Costigan was a member of and exhibited with the American Watercolor Association, the New York Water Color Club, the Allied American Artists, the Salmagundi Club, the American Society of Animal Painters, the National Art Club, the Guild of American Painters, the Philadelphia Society of Etchers, the Society of American Etchers, and the Woodstock Art Association. Costigan was elected an Associate of the National Academy of Design in 1926 and elevated to Academician in 1928.

In 1919, Costigan married and moved to a farm in Orangeburg, New York and much of his subject matter related to life on the farm. During the Depression he lost his job with Milner and joined the Public Works of Art Project in New York. He returned to commercial art in 1945, illustrating McCall’s Bluebook magazine for five years.

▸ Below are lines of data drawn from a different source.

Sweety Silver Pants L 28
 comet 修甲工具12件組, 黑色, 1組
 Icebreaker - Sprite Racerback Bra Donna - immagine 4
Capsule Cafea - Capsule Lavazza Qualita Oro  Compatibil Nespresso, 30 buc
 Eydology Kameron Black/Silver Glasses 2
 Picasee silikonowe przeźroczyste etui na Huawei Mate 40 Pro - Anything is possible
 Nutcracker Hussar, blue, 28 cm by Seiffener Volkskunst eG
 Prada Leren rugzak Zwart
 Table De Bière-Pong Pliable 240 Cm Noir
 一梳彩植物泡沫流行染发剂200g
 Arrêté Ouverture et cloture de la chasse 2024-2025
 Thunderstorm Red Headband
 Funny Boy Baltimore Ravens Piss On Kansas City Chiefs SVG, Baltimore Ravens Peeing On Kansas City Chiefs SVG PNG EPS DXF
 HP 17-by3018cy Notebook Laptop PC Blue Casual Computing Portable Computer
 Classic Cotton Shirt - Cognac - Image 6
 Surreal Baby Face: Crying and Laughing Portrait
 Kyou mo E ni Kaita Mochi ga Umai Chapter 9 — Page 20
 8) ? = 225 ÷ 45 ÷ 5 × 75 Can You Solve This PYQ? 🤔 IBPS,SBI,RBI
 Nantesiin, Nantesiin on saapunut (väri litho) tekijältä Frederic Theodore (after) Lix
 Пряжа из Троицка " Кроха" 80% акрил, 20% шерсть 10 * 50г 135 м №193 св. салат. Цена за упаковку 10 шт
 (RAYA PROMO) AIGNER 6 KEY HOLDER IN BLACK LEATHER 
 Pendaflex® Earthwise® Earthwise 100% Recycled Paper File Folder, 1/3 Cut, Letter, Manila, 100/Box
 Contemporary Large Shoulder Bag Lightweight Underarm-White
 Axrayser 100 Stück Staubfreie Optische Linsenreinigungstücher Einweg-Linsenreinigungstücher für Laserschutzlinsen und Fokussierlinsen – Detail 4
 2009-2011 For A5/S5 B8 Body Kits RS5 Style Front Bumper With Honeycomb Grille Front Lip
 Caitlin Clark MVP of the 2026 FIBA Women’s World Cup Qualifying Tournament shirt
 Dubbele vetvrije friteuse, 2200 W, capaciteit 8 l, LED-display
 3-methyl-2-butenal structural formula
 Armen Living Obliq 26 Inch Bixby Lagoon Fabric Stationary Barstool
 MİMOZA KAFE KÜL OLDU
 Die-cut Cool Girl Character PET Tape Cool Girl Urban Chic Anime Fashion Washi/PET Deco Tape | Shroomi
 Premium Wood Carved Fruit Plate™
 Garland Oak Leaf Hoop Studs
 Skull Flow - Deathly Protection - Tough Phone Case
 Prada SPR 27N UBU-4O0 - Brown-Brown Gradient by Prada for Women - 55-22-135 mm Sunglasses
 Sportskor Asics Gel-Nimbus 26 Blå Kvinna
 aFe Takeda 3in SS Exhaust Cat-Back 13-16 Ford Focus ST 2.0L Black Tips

The work of John Costigan is represented in the High Museum of Art, Atlanta, Georgia; the Blanton Museum, the University of Texas at Austin; the Brooklyn Museum, New York; the Buffalo AKG Art Museum, New York; the Art Institute of Chicago, Illinois; the Los Angeles County Museum of Art, California; the Madison Museum of Contemporary Art, Wisconsin; the New York Public Library, the Metropolitan Museum of Art, and the Whitney Museum of American Art, New York; the Rhode Island School of Design Museum, Providence; the Richmond Art Museum, Indiana; the Rochester Memorial Art Gallery, New York; the Springville Museum of Art, Utah; and the Library of Congress, the National Gallery of Art, and the Smithsonian American Art Museum, Washington, D.C.

John Edward Costigan died in Nyack, New York on August, 5, 1972.